Between 1993 and 1998, the Grindmill Songs Project received financial support from UNESCO, the Netherlands Ministry for Development Cooperation, and the Charles Leopold Mayer Foundation for the Progress of Humankind in Switzerland.
“I had a personal commitment with Hema Rairkar and Guy Poitevin to complete the documentation/ edition/ translation of the grindmill corpus and publish it in open access,” says Prof. Bel. “In January 2015, their project was revived as I donated equipment to the team of grindmill song experts working in Pune. We worked together on an initial publication format for the corpus. This required a serious investment in re-engineering the database and transcoding texts from several Devanagari encodings.”
With PARI's involvement, the project has been recently revived together with a host of old and new collaborators. The 70,000 untranslated songs are being tackled by Asha Ogale, a former documentation officer at the Gokhale Institute of Politics and Economics, Pune, and her colleagues Rajani Khaladkar and Jitendra Maid. Their deep collective knowledge of the Marathi language and rural life lends invaluable context to the translation effort.
A partnership with Ashoka University in Sonepat, Haryana, was established in 2016, led by Gilles Verniers, Assistant Professor of Political Science at that institution. Three members of the 2016-17 Young India Fellowship class – Meherish Devaki, Sneha Madhuri and Poornaprajna Kulkarni – are reviewing the translations and providing additional archival assistance. Namita Waikar, Managing Editor, PARI, heads the Grindmill Songs Project at the People’s Archive of Rural India, while Olivia Waring, an American India Foundation Clinton Fellow, also contributes to database curation.

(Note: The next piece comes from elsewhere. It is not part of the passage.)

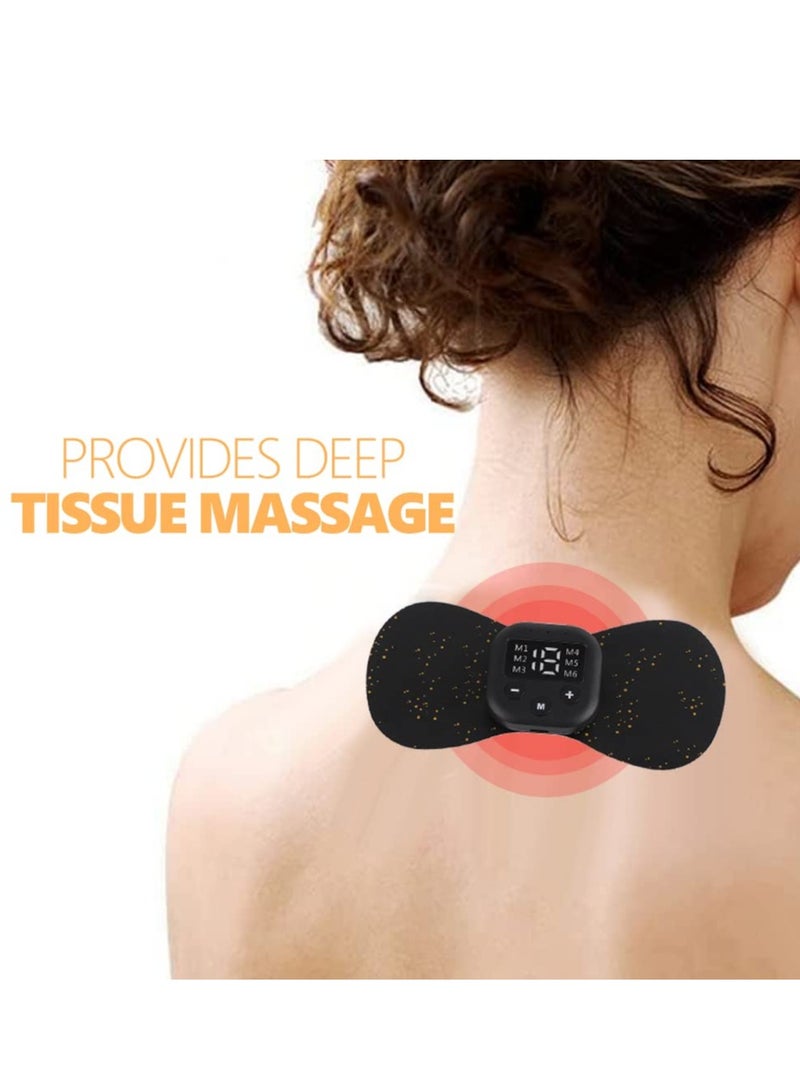 Portable Wireless EMS Neck Massager - Electric TENS Machine for Muscle Pain Relief and Relaxation with Adhesive Pads. Perfect for On-the-Go Muscle Care!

Among the many others significantly contributing to the project were Bhimsen Nanekar (interviewer), Datta Shinde (research participant), Malavika Taludkar (photographer) Lata Bhore (data input), and Gajarabai Darekar (transcribing).
All selected videos and photographs of Gangubai Ambore, a central performer and participant in the project, are the work of Andréine Bel.

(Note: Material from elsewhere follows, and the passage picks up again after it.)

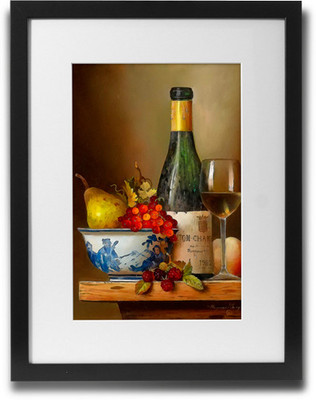 

Shaildha's Water Colour Painting Print of Champagne And Pear And Grapes Fine Art Print(11 inch X 9 inch)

We invite you to explore this latest addition to the People’s Archive of Rural India, which will be incrementally unveiled over the coming months and years. PARI extends its heartfelt gratitude to all the Grindmill Songs partners – and especially acknowledges the lives and achievements of thousands of unsung women of rural Maharashtra, but for whom there would be no songs and no database.